RM, there WERE sufficient numbers (demographics, money) in the beginning – but no longer.  Throw in an economy that still is tanked, a Public Sector that is far better compensated than the folks it is supposed to serve, productivity in the public sector (that could have been sufficient for the higher compensation) lagging, and the built in inefficiency of Govt have meant  Bad Things.    You know the drill – unions will whine and cry at every cut – like when a 5% increase was planned and then they only get 1% – THAT’S a cut in Governmentalese and for the rest of us, that’s a raise (even as OUR healthcare and other deductions wipe that out in a heartbeat).

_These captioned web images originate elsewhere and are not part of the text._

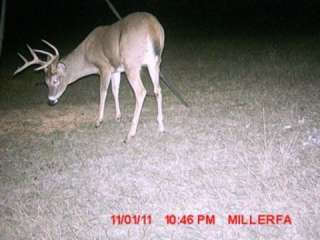 ! MOULTRIE 30 Gallon Pro Hunter Tripod Deer Feeder + D 50 Trail Game 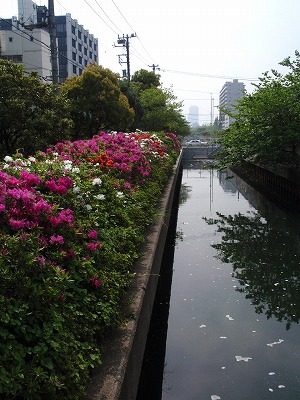c0105785_1074716.jpg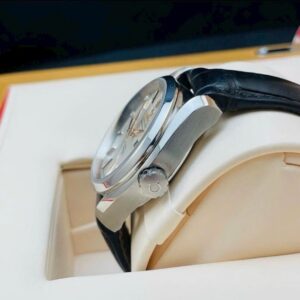 Omega Seamaster Aqua Terra Co-Axial Annual Calender 231.13.39.22.02.001 3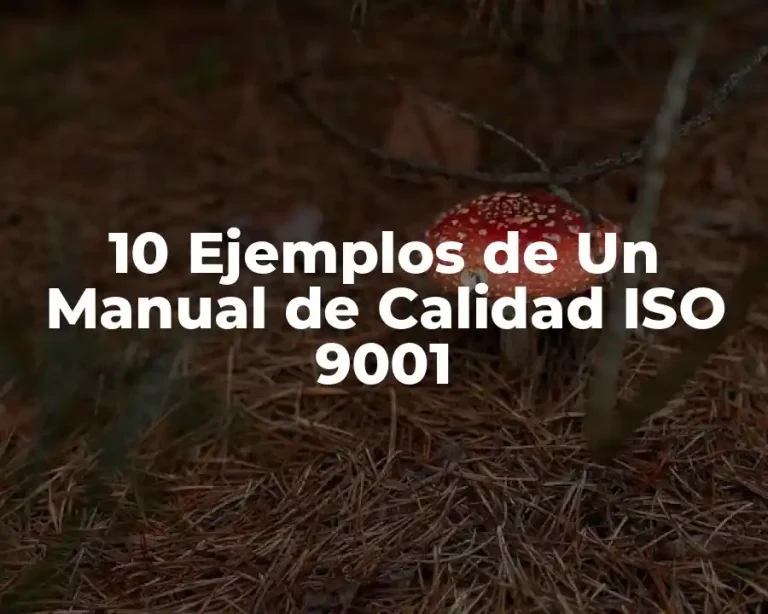 10 Ejemplos de Un Manual de Calidad ISO 9001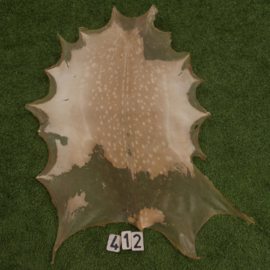 Perkament van damhert (0.66 m²)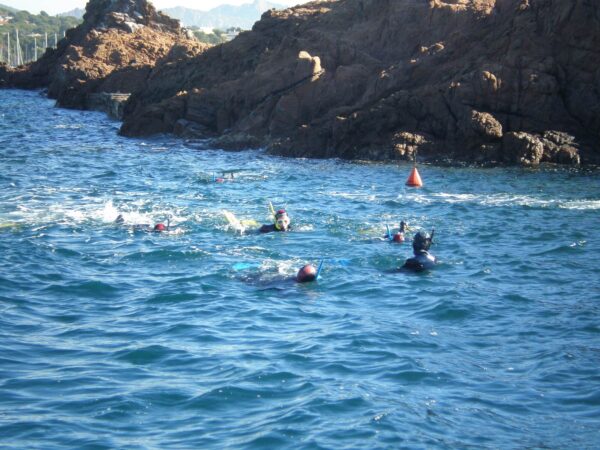 Randonnée palmée – Baptême de plongée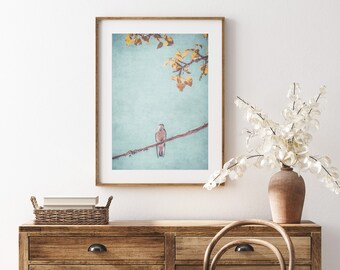 Colorful Bird and Branch Photography Print - instant download print, printable wall art, nursery wall art, modern farmhouse prints, nature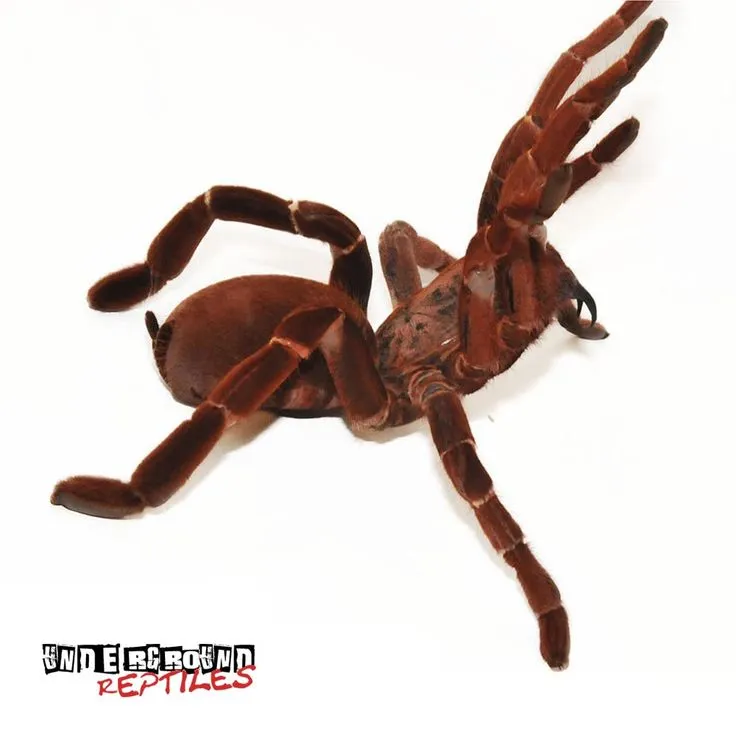24140 giant baboon tarantula molting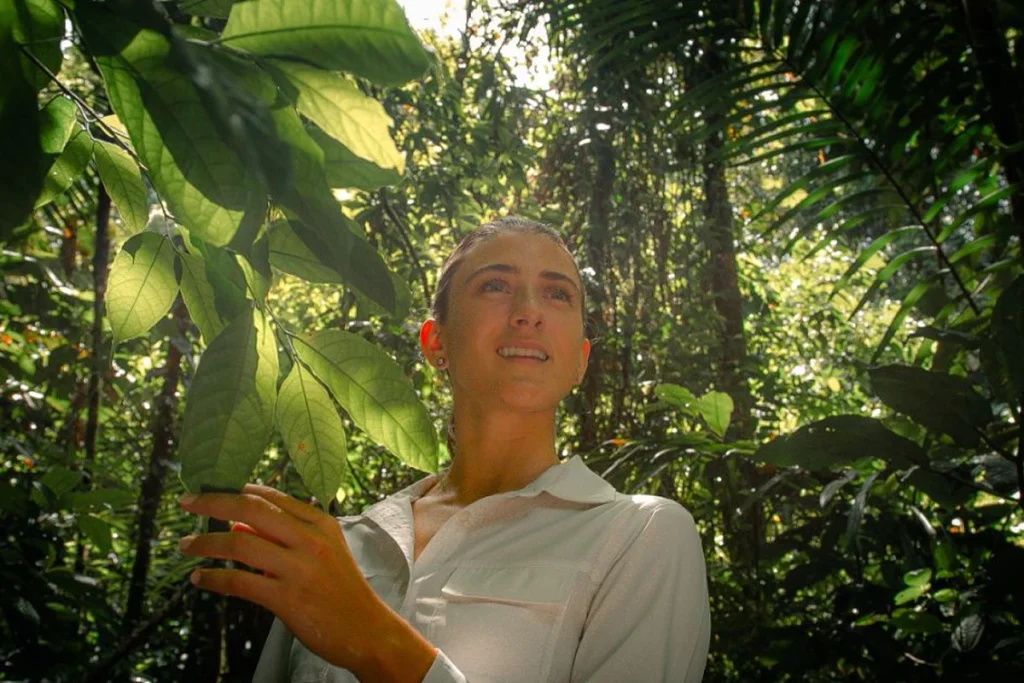 Nature’s Healing Power: Harnessing the Forest for Mood and Stress Regulation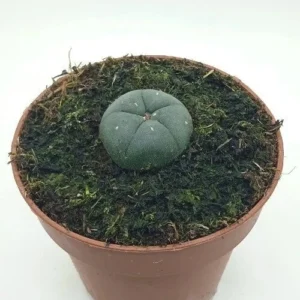 Peyote "lophophora williamsii"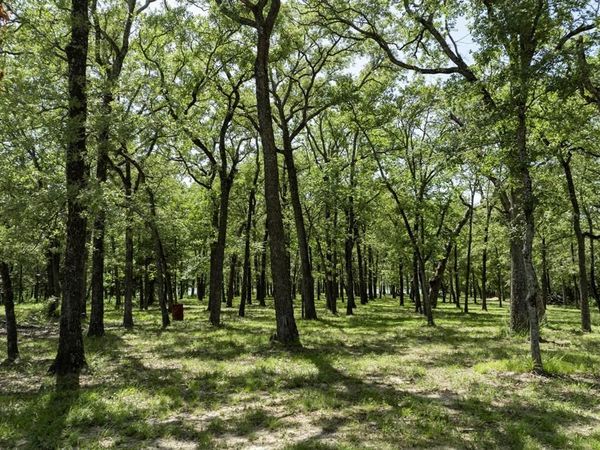 Lot 71 Anchor, Quinlan, TX 75474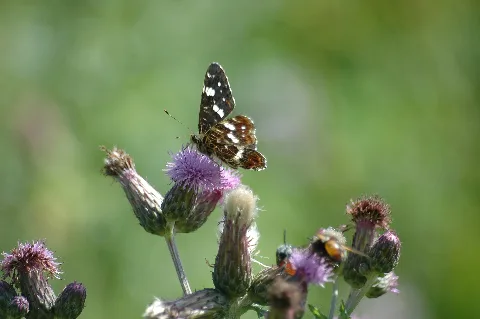 Araschnia Levana On Cirsium Arvense 2007 07 25 (10)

2. Is it possible that there has been an orchestrated global austerity movement and you are playing right into their hands by pushing the ‘blame the unions’ line?

Possible, but not probably.  What has happened is that with the extremely lowered cost of technology, especially that in Communications and Computing, the rest of the world is catching up.  That “Golden Age” in the 50s and into the 60s, we were the best in world for manufacturing – mostly because most of Europe and Japan were still in ruins.  However, they put off “gratification for today” for that of tomorrow – and we went the other way.  Fat, Dumb, and Lazier – our standard of living went up and were no longer willing to accept less.  Intellectual capital became distributed around the world – and we were competing against much lower labor costs once lowered international shipping costs plummeted (thing cargo container ships).  Technology and productivity at work.

What we have been seeing is globalization – WHAT you do is no longer dependent on WHERE you are.  That intense competition was like a haymaker to us and there was a large dislocation in process – we suffered but a lot of other people improved their lot in life all over the world (and a lot of the stuff we can buy is a lot more inexpensive – our dollars go further).  But we’ve also coped and wrung a LOT of waste out of our systems as well – but that competition also showed the “creative destruction” inherent in capitalism.

Where are we now?  The human race has gone through a number of Ages before; Agrarian, Iron, Bronze, Steel, Industrial, Knowledge, and now Logistics.  We are also entering a RADICAL new version of Manufacturing with 3D Printing – will we go back to the cottage industry model as we may not need the old “everything in industrial building” if we can simply print what we want a la the Star Trek replicator?

No, this is “technology on steriods” which is really just an unleashing of not just America’s intellectual capital but now the world’s.

But we may be seeing that leveling out of Globalization – the initial “offshoring” recipients have seen THEIR costs rise as their workers wanted more (Singapore to China, China to the other Asian Tigers).  What is now happening is that such costs, along with the “management costs” with such lead times for manufacture and delivery from offshore are now swinging back to the US (IF Obama doesn’t totally screw up what should be a HUGE competitive advantage from fracking and shale formations – far cheap energy coming online).  Hey, I figured this out when call centers started to come back to the US.

So no, I don’t think that is a completely orchestrated event (although given the rise of transnationalism here in the US, and I am getting to the point that I’d believe that the Obama Administration is capable of anything in its race of Determined Weakness ™ – but look at the cracks now starting to widen in the EU that perhaps the transnational movement has some failures ahead).